Welcome to the base ten blocks page at Math-Drills.com where blocking your students' learning is the best approach! On this page, you will find several worksheets for base ten block manipulatives. Base ten blocks are an excellent tool for teaching children math number concepts because they allow children to touch and manipulate something real while learning important skills that translate well into paper and pencil addition. They are also proportional representations of numbers, so that a thousand block is actually 1000 times greater in size than a one block.
Most Popular Base Ten Blocks Worksheets this Week
Counting Base Ten Blocks Worksheets
Counting base ten blocks worksheets including counting units, rods and flats.
The numbering system that children learn and the one most of us are familiar with is the base ten system. This essentially means that you can only use ten unique digits (0 to 9) in each place of a base ten number. For example, in the number 345, there is a hundreds place, a tens place and a ones place. The only possible digits that could go in each place are the digits 0, 1, 2, 3, 4, 5, 6, 7, 8, or 9. In this example, the place value of the ones place is 5.
Base ten blocks turn the base ten concept into something children can see and touch.
Base ten blocks consist of cubes, rods, flats, and blocks.
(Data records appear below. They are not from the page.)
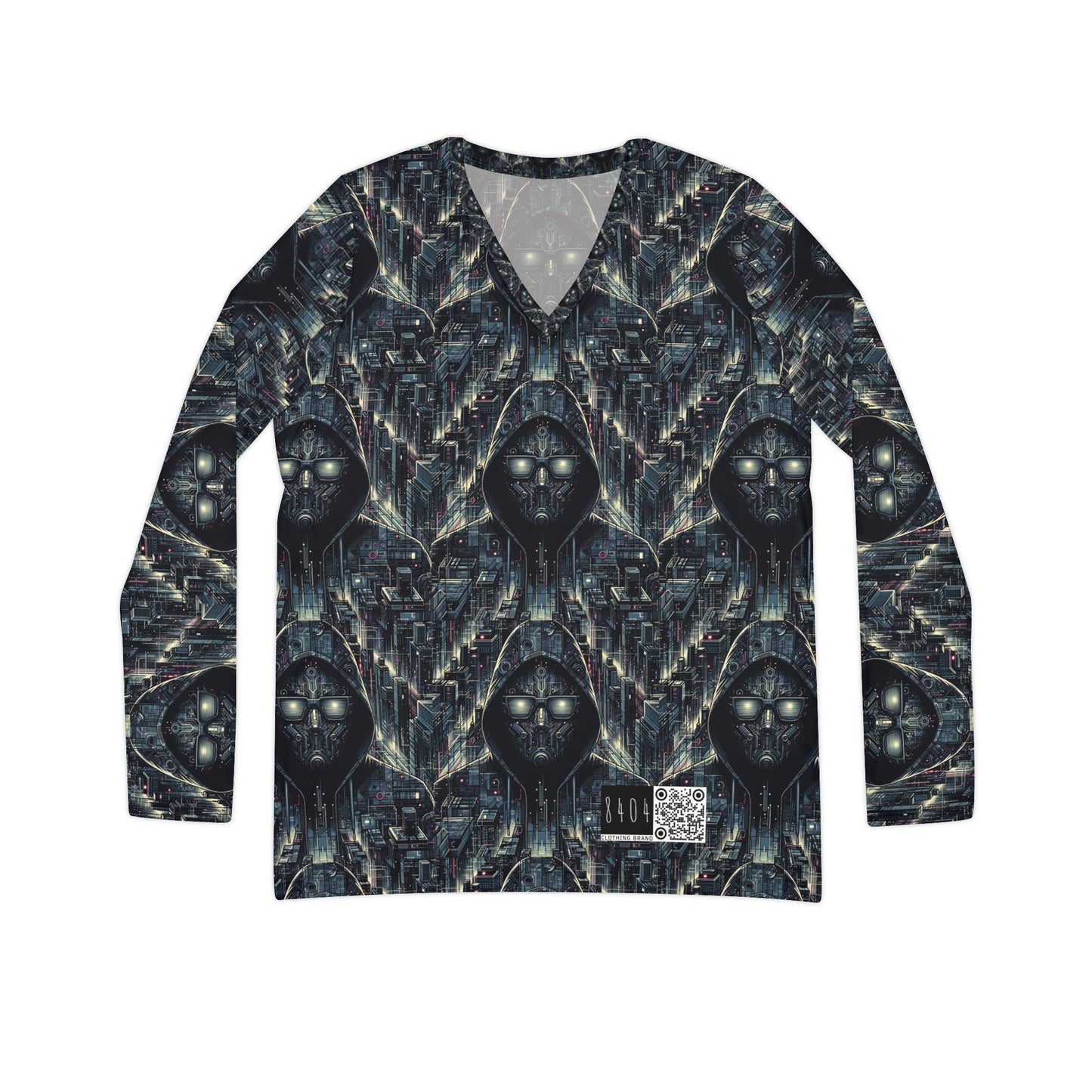 Tech Noir Aesthetics Sleek Tech Streetwear Women's Long Sleeve V-Neck Shirt - 8404 Design-56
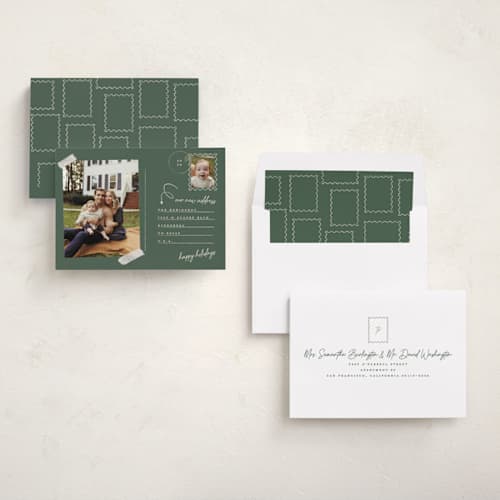 This is a spruce holiday photo cards with standard by Gwen Bedat called return address printing on recycled smooth signature in standard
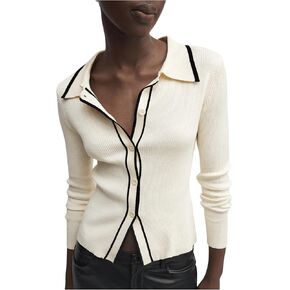 GORGLITTER Women's Contrast Trim Button Down Sweater Cardigan Long Sleeve Collar Rib Knit Tops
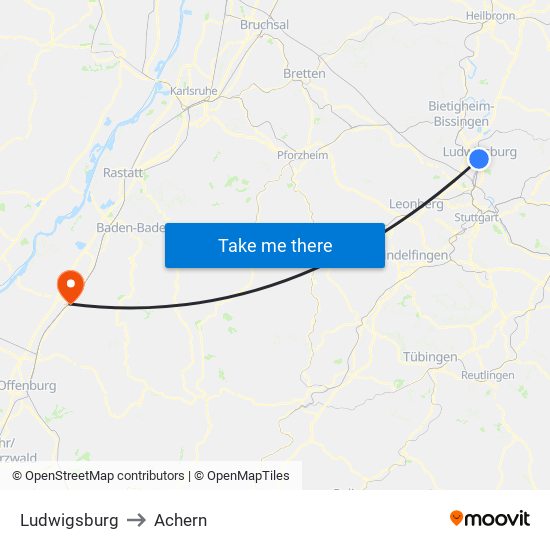 Ludwigsburg to Achern map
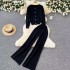 Advanced style small fragrance knitted sweater set for women, French retro round neck sweater cardigan+high waisted casual wide leg pants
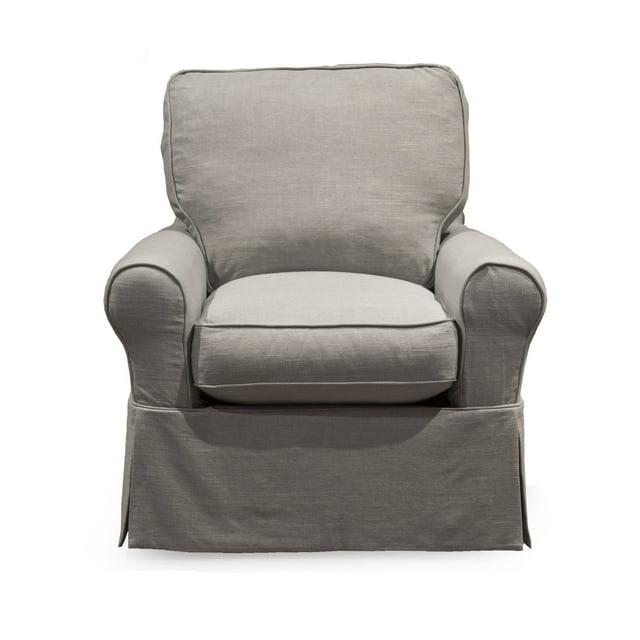 Sunset Trading Horizon Fabric Slipcovered Swivel Rocking Chair in Light Gray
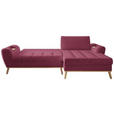 ECKSOFA in Webstoff Dunkelrot  - Eichefarben/Creme, Design, Holz/Textil (282/175cm) - Carryhome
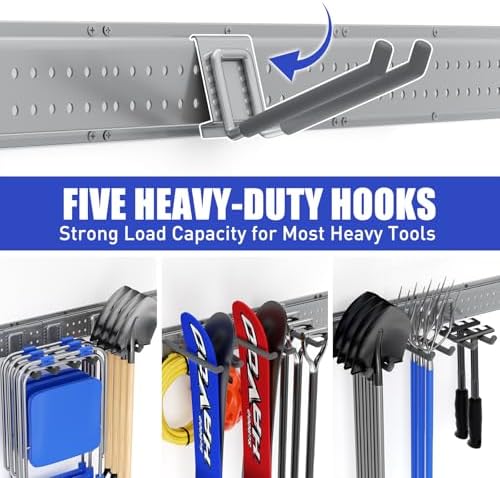 garage tool organizer wall mount 49.5 inches with showing dimensions
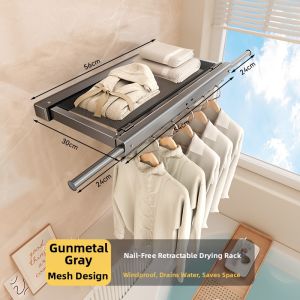 Hotata | No Drilling Invisible Retractable Clothes Drying Rod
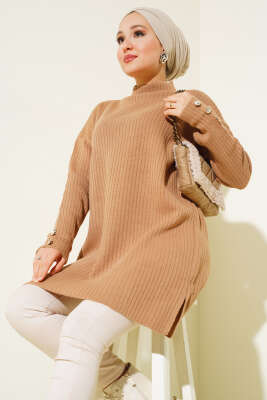 Fitilli Kol Düğme Detaylı Triko Tunik Büsküvi - Triko Tunik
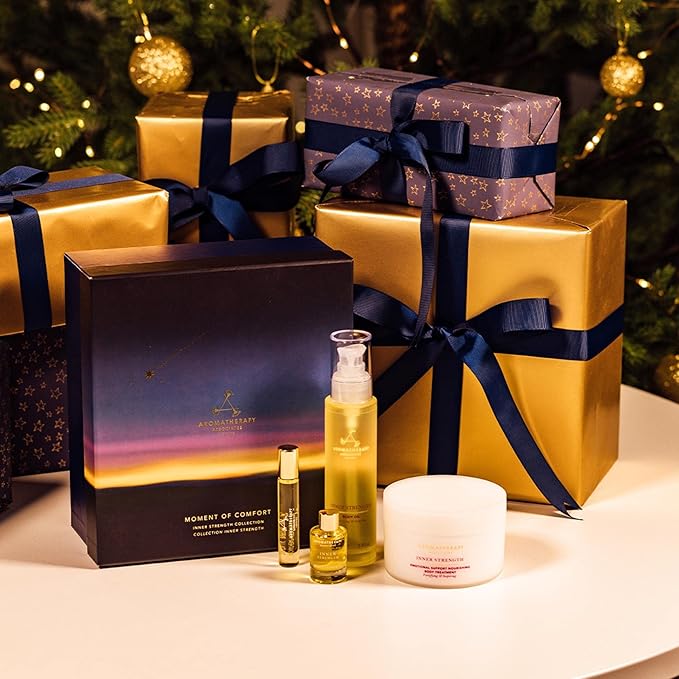 Aromatherapy Associates Moment of Comfort. Luxurious Holiday Gift Set Includes Inner Strength Bath and Shower Oil, Roller Ball, Body Oil, and Body Treatment (1 count)-Velvo Beauty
Cubes represent the ones place and look exactly like their name suggests - a small cube usually one centimeter by one centimeter by one centimeter. Rods represent the tens place and look like ten cubes placed in a row and fused together. Flats, as you might have guessed, represent hundreds, and blocks represent thousands. A flat looks like one hundred cubes place in a 10 x 10 square and attached together. A block looks like ten flats piled one on top of the other and bonded together.
Counting base ten blocks
Trading Base Ten Blocks Worksheets
Trading base ten blocks worksheets for developing regrouping skills.
Another useful skill to practice is trading base ten blocks. Each block can be traded for 10 flats, each flat for 10 rods, and each rod for 10 cubes. Going the other way, 10 cubes can be traded for one rod, 10 rods for one flat, and 10 flats for one block.
Trading base ten blocks
Representing Numbers With Base Ten Blocks Worksheets
Representing numbers with base ten blocks
Representing numbers with base ten blocks that require regrouping
Representing numbers with base ten blocks worksheets helps students learn how to represent numbers, so they can use base ten blocks for addition, subtraction, multiplication or division.
To represent a number using base ten blocks, make piles of base ten blocks to represent each place value. If your number was 2784, you would make a pile of 2 blocks, a pile of 7 flats, a pile of 8 rods, and a pile of 4 cubes. It is useful to arrange the piles in a row in the same order that they appear in the number as that will be useful later on when children learn the paper and pencil algorithm.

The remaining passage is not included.